In the 90 minutes the new drama “Beasts” takes to run, the audience experiences not just a play about two sisters and their tense relationship but also, as the characters reach their breaking points, a tree falls in the middle of their home.
“Beasts,” written by Cayenne Douglass, is running its first production at the Boston Playwrights’ Theatre from April 7 to 17 in collaboration with Boston University’s College of Fine Arts and its New Play Initiative.
The play revolves around Judy, an artist, who visits her domesticated, younger sister Fran, who is pregnant, while her husband is out of town. As the two spend time together, tension rises as secrets spill out, and Judy finds herself between Amelia, Fran’s doula, and her husband, Jim.
Katherine Schaber, the actor who plays Amelia and a senior in the CFA, said she remembered “being struck” by the relationship between the sisters and Amelia’s role in the conflict.
“[Amelia’s] energy just really brings out the contrast between the two sisters,” Schaber said. “As someone who is kind of growing into my womanhood, I would say it’s really interesting to be a part of a play that does expose those topics so vibrantly and honestly.”
The themes of motherhood and female relationships were something Caroline Calkins, who plays Fran, found satisfaction delving into, especially considering their rare portrayal on stage.
“I don’t think I’ve ever been to a play where it’s so predominantly women, like three women and one man, and I really found that refreshing,” Liza Foley, an audience member who also happened to be Calkin’s sister, said.
For a local production, “Beasts” came with its fair share of complexity, with Calkins embracing the “fun process” of putting together a new show that was being pieced together and worked on at the same time.
“It’s really sort of awakened my appetite for new plays again ‘cause I think it’s really exciting and so important to have spaces like Boston Playwrights’ Theatre where new work gets an opportunity to really get dug into,” Calkins said.
Schaber noted how working hand in hand with the playwright allows for the liberty for certain things to be adjusted while rehearsing.
“Nothing really beats having the playwright in the room with you… especially when it’s in service to how the actor is delivering a line,” Schaber said.“If the playwright hears it differently in that actor, I think that that’s like a really special thing. It’s like pieces of everyone’s contribution moves forward as the play does, which is really exciting.”
In a letter that appears in the show’s program, Douglass wrote, “I’m still very much in the process of figuring out what this play is and what it wants to be … I let the process with the director, actors, designers, audience, inform its rendering.”

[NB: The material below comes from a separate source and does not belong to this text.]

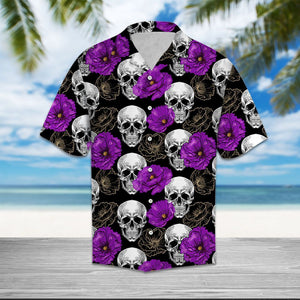 Hawaiian Shirt Skull Purple Flower For Women Men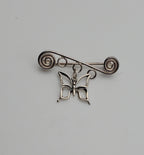 Sterling Silver Wire Dangling Butterfly Brooch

Clara Francesca, who plays Judy, said the conversation around the “female obligation to be pregnant” drew her to the play. When it came to playing Judy, Francesca said they feel like they’re playing a “pastiche” of a lot of their friends and family members.

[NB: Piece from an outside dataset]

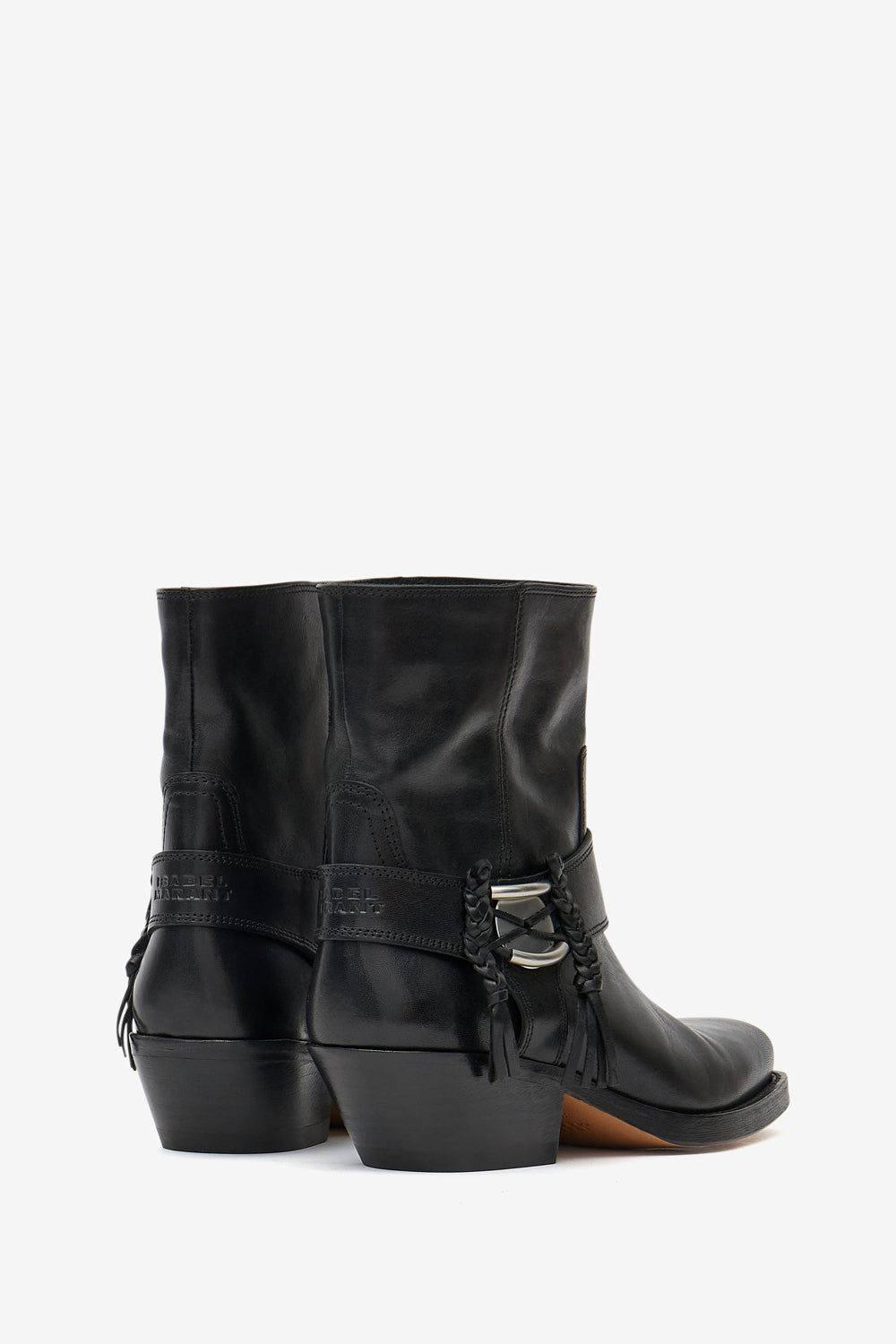 Boots akson gaucho en cuir à bouts carrés - Noir - Woman - 2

“I think Cayenne has so skillfully created characters that are both really archetypal, like they feel familiar, and they’re very specific,” Calkins said. “I think that’s a testament to good writing.”
Schaber also agreed with the strength of the play’s writing, noting how she too relates with its characters.
“I really think that there are aspects that [Amelia] sees in herself and in both of the sisters and alternatively as well, I see parts of myself in all three characters,” Schaber said.
Beyond just great writing, what makes “Beasts” special for Calkins is the community behind the play.
“I hope to always work on plays that are this juicy and have this support of a cast and of a crew and artistic design team,” Calkins said. “I think that’s really the greatest thing for me is to have that sort of community and to be working on a play that is so layered and so complex.”
With the help of fight choreographer Ryan Winkles, Francesca and Calkins were able to execute certain scenes and “release into those more heightened moments when the emotions are also really extreme” while also keeping each other safe, Calkins said.
Francesca said she tests a prop on stage before Calkins uses it — something she likens to what a sister would do.
Even with so much action and intricate pieces involved, Schaber said the rehearsing process was quick, taking less than just four weeks. Francesca credits Director Kelly Gavin for keeping the process moving.
“I felt that the structure was very sophistically strategic to ensure that by the time tech week came, we had everything in our body, even if there’s more room for us to discover things as artists in the space,” Francesca said.
Francesca said they hope that the audience is “hypnotize[d]” into being aware of their “conduct as they move through life.”
“I hope that this particular piece makes them consider binary problems and the nuances of pressure to procreate and the joys of procreating, both ends of that,” Francesca said.